The logistics manager of an organization is under obligation to find answers to many questions regarding quality, quantity, source, time, price, place, transportation, and terms and conditions of the purchases to be made. All these questions are termed as the R’s of scientific logistics management in the modern world.
The main objective here is to ensure that the product fulfills the purpose for which it is being bought. The basic job of the logistic manager is to understand the type, brand and detailed specification of the products required. It is then the job of the customer to examine and approve of the technical specifications of the product. For example, in case of plant equipment and tools, the specifications are to be passed by plant engineer. The office machinery and stationary are to be approved by the office in charge. Similarly it is the duty of the distributor to explain the requirements of the customers.
Every company needs to know the correct time at which the materials be purchased without delaying the process of production. Time taken from requisition of material to examination of the materials constitute total lead time of the organization. It includes supplier time, logistics time, and physical verification time in the whole progress. It will give an idea to the purchase department about the level at which the order for new material be placed so that it won’t affect the working of the organization.
The most important decision for a logistics manager is to decide about the quantity of material to be bought and amount of goods to be supplied to the customers. The quantity bought should be such that it leads to minimization of total cost. Buying more will result in more carrying cost and less ordering cost and buying less will result in lower carrying cost but higher ordering cost.

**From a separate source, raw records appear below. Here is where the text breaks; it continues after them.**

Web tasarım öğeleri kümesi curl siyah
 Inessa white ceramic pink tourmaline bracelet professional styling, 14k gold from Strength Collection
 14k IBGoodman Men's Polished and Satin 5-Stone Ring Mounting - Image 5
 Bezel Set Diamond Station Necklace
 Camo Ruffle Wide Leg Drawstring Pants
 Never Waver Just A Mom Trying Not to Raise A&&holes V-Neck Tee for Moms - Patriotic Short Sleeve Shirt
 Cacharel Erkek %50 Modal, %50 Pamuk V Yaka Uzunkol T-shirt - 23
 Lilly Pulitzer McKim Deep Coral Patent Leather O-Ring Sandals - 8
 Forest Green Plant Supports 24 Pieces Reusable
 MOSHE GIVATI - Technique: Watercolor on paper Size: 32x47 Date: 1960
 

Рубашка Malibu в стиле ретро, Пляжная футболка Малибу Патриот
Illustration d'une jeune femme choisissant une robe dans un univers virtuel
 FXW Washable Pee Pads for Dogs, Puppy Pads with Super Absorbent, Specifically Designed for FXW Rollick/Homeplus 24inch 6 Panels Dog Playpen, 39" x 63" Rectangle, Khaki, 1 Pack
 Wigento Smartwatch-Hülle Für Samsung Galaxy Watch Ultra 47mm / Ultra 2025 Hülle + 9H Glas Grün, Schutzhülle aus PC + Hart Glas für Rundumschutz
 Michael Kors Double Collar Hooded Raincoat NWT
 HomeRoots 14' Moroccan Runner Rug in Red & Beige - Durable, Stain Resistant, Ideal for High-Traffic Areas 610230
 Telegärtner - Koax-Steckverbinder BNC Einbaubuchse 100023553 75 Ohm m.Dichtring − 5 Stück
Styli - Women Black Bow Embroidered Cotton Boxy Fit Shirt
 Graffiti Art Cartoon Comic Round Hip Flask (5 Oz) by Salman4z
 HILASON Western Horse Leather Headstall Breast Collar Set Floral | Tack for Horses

Hence optimal cost can only be reached through Economic Order Quantity.
The ultimate objective of every business is to earn a profit. Hence, deciding on the fair price of the product is a very important step in the whole logistics process. Generally, the final price is dependent on many factors such as raw material prices, efficiency of manufacturing process, availability of labor at reasonable prices, availability of other factors of production, prices offered by other competitors, cost of transportation and warehousing and margins or commissions offered to the distributors.